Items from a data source
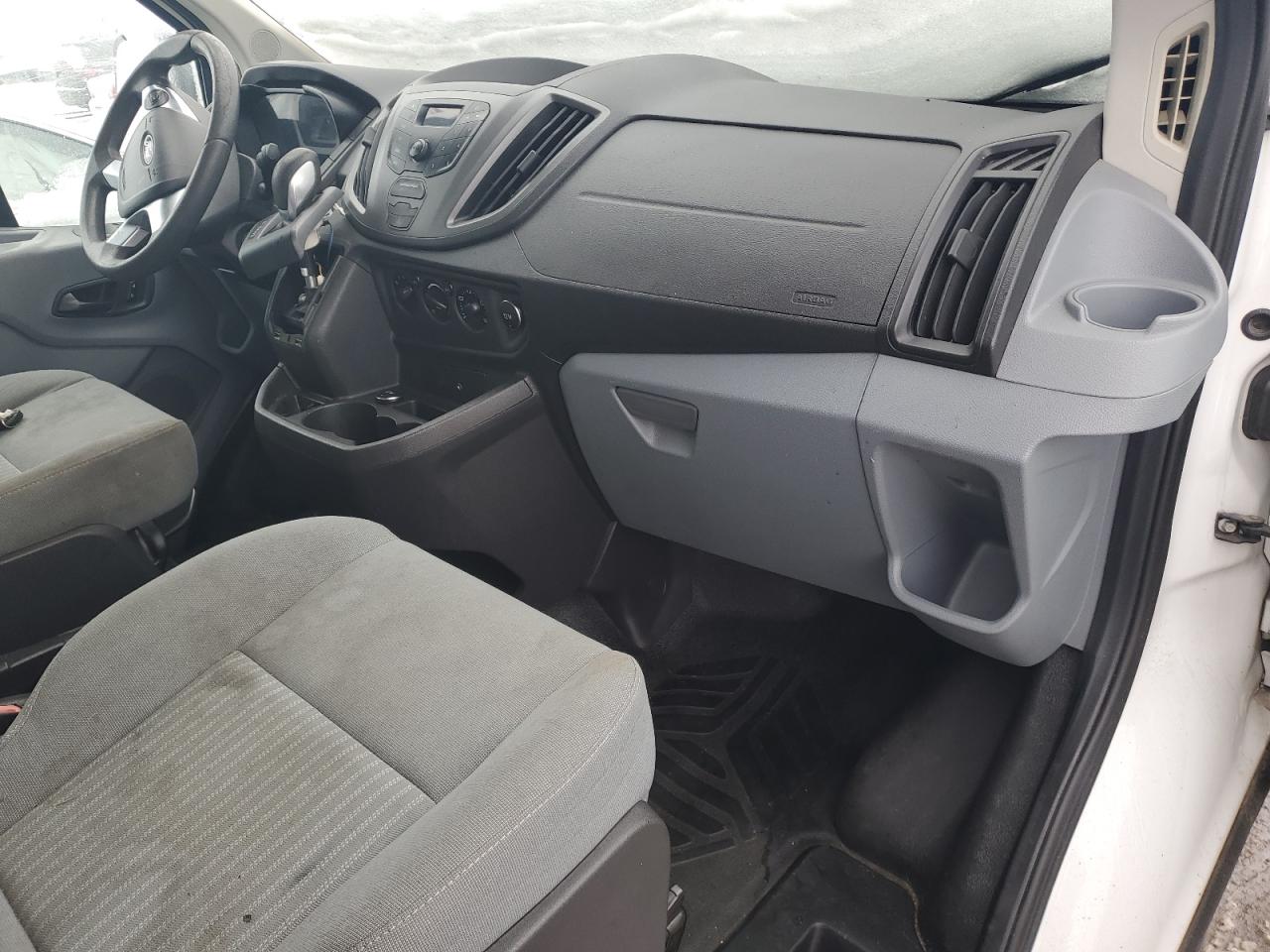 2015 Ford Transit VIN 1FTNR1ZM8FKA60662 Copart auction photo, front end damage thumbnail 8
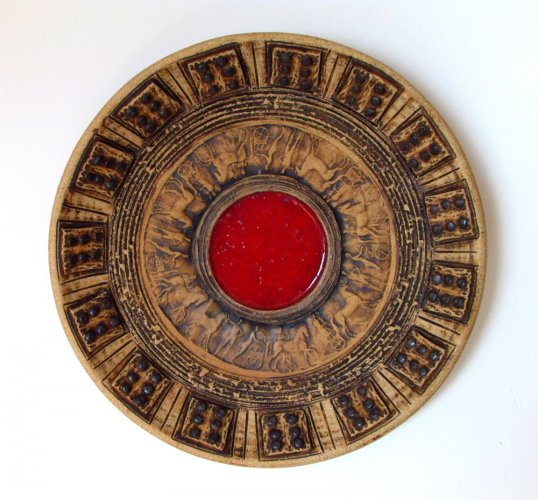 Dekorativní talíř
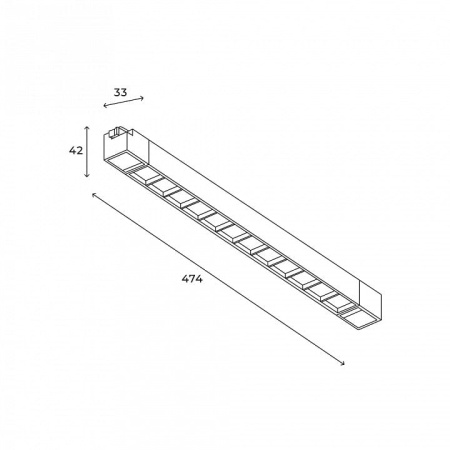 Накладной светильник Hesby Lighting Skylite HSBL_0145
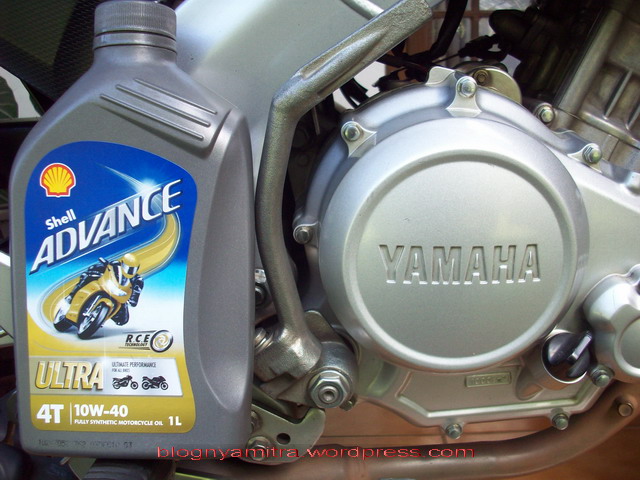 Shell Advance Ultra Vs Motul Ester 5100. Testimoni…Oli Shell Advance Ultra 4T…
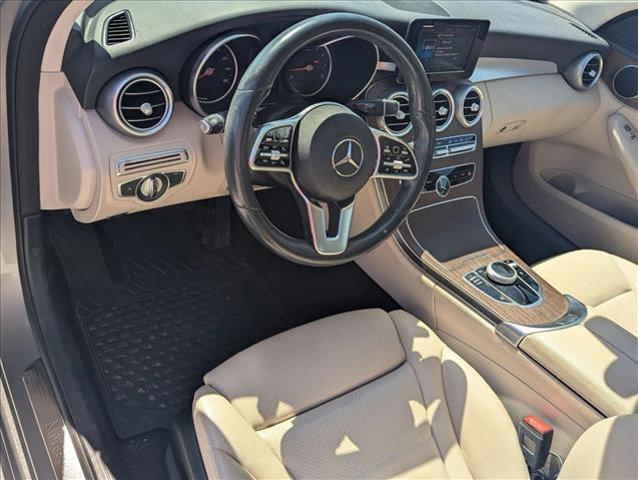 used 2019 Mercedes-Benz C-Class car, priced at $17,670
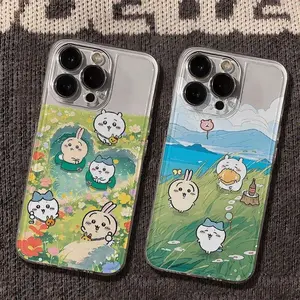 Cartoon Chiikawa Y2K Cute Phone Case For iPhone 17 16 15 14 13 12 11 Pro Max Plus Air & Galaxy S22 23 24 25 The Best Halloween Gifts Fans Phone Case Cover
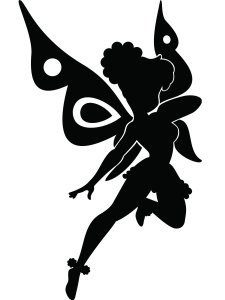 Tinker Bell Stencil 18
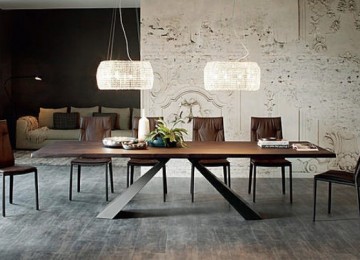 Выбираем стол в стиле лофт: находим верный ориентир в мире дизайна и материалов (28 фото)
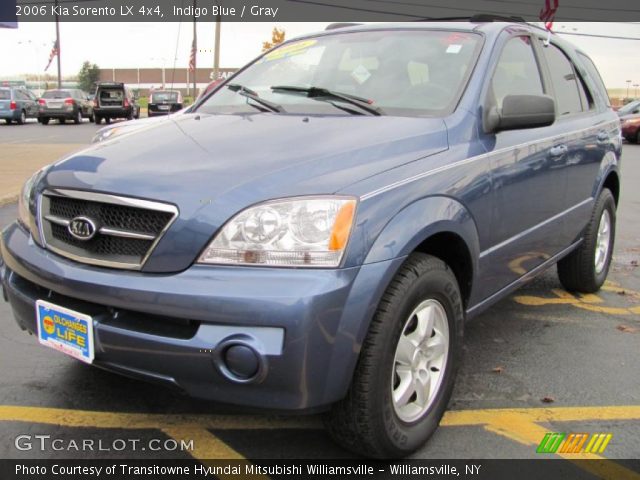 2006 Kia Sorento LX 4x4 in Indigo Blue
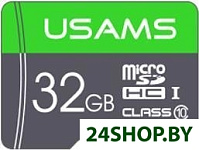 Картинка Карта памяти Usams US-ZB094 32GB (зеленый)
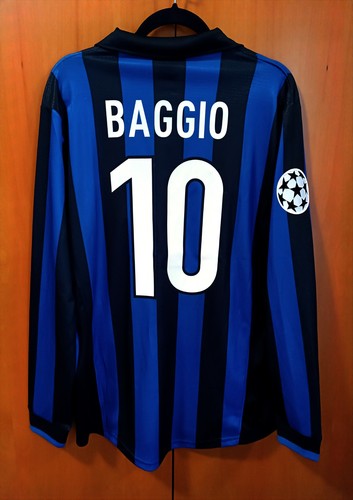 Maglia baggio inter calcio - maglia,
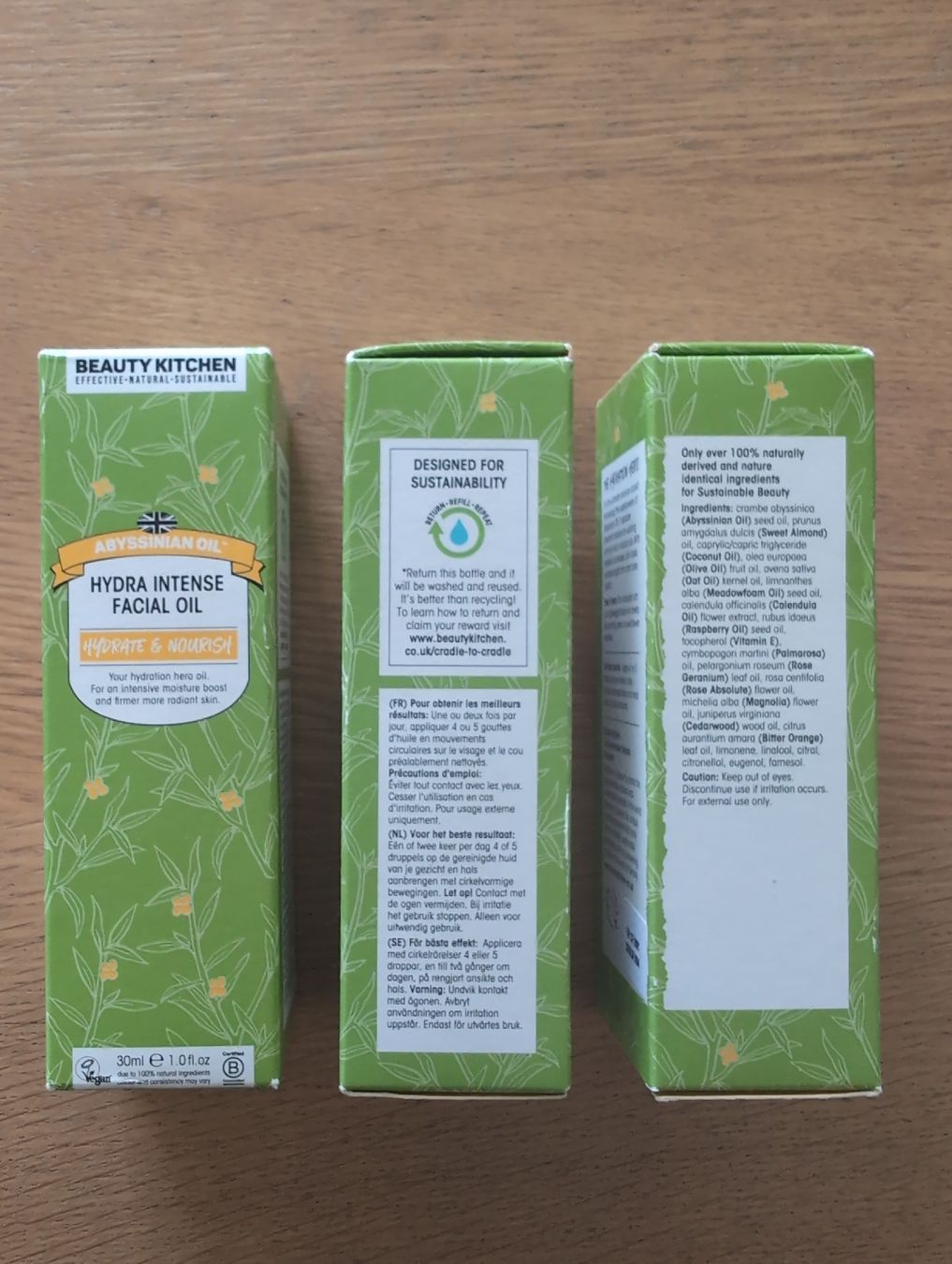 Gesichtspflege: Gesichtsöl mit Abyssinian Oil – Neu und originalverpackt aus Wallisellen von ali_x62p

WHAT YOU ARE ASKED TO DO:
Transcribe the entries word for word, without their pictures.

ANSWER BOX:
 2015 Ford Transit VIN 1FTNR1ZM8FKA60662 Copart auction photo, front end damage thumbnail 8
 Dekorativní talíř
 Накладной светильник Hesby Lighting Skylite HSBL_0145
 Shell Advance Ultra Vs Motul Ester 5100. Testimoni…Oli Shell Advance Ultra 4T…
 used 2019 Mercedes-Benz C-Class car, priced at $17,670
 Cartoon Chiikawa Y2K Cute Phone Case For iPhone 17 16 15 14 13 12 11 Pro Max Plus Air & Galaxy S22 23 24 25 The Best Halloween Gifts Fans Phone Case Cover
 Tinker Bell Stencil 18
 Выбираем стол в стиле лофт: находим верный ориентир в мире дизайна и материалов (28 фото)
 2006 Kia Sorento LX 4x4 in Indigo Blue
 Картинка Карта памяти Usams US-ZB094 32GB (зеленый)
 Maglia baggio inter calcio - maglia,
 Gesichtspflege: Gesichtsöl mit Abyssinian Oil – Neu und originalverpackt aus Wallisellen von ali_x62p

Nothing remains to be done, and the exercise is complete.